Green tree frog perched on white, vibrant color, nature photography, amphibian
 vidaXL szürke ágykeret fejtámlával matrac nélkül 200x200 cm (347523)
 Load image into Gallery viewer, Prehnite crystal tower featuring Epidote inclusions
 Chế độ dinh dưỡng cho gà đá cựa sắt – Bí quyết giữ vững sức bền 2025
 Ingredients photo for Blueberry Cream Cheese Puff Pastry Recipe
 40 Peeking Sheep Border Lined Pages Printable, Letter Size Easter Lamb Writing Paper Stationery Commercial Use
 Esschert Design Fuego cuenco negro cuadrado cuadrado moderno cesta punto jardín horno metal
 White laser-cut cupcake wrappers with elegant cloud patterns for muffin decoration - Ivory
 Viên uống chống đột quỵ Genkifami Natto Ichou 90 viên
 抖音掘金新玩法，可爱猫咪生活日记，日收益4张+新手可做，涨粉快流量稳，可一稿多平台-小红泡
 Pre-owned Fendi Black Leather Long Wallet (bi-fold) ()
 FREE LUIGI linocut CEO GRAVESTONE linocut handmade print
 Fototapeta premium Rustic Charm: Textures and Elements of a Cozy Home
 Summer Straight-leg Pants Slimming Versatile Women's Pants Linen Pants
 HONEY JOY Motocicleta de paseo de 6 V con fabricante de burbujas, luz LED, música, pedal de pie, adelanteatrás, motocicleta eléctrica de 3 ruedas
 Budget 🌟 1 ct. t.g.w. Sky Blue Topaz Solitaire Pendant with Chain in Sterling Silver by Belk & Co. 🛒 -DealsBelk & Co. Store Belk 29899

####################

- [The problem]:
Take the listing above and set it down exactly.

- [Answer space]:
Green tree frog perched on white, vibrant color, nature photography, amphibian
 vidaXL szürke ágykeret fejtámlával matrac nélkül 200x200 cm (347523)
 Load image into Gallery viewer, Prehnite crystal tower featuring Epidote inclusions
 Chế độ dinh dưỡng cho gà đá cựa sắt – Bí quyết giữ vững sức bền 2025
 Ingredients photo for Blueberry Cream Cheese Puff Pastry Recipe
 40 Peeking Sheep Border Lined Pages Printable, Letter Size Easter Lamb Writing Paper Stationery Commercial Use
 Esschert Design Fuego cuenco negro cuadrado cuadrado moderno cesta punto jardín horno metal
 White laser-cut cupcake wrappers with elegant cloud patterns for muffin decoration - Ivory
 Viên uống chống đột quỵ Genkifami Natto Ichou 90 viên
 抖音掘金新玩法，可爱猫咪生活日记，日收益4张+新手可做，涨粉快流量稳，可一稿多平台-小红泡
 Pre-owned Fendi Black Leather Long Wallet (bi-fold) ()
 FREE LUIGI linocut CEO GRAVESTONE linocut handmade print
 Fototapeta premium Rustic Charm: Textures and Elements of a Cozy Home
 Summer Straight-leg Pants Slimming Versatile Women's Pants Linen Pants
 HONEY JOY Motocicleta de paseo de 6 V con fabricante de burbujas, luz LED, música, pedal de pie, adelanteatrás, motocicleta eléctrica de 3 ruedas
 Budget 🌟 1 ct. t.g.w. Sky Blue Topaz Solitaire Pendant with Chain in Sterling Silver by Belk & Co. 🛒 -DealsBelk & Co. Store Belk 29899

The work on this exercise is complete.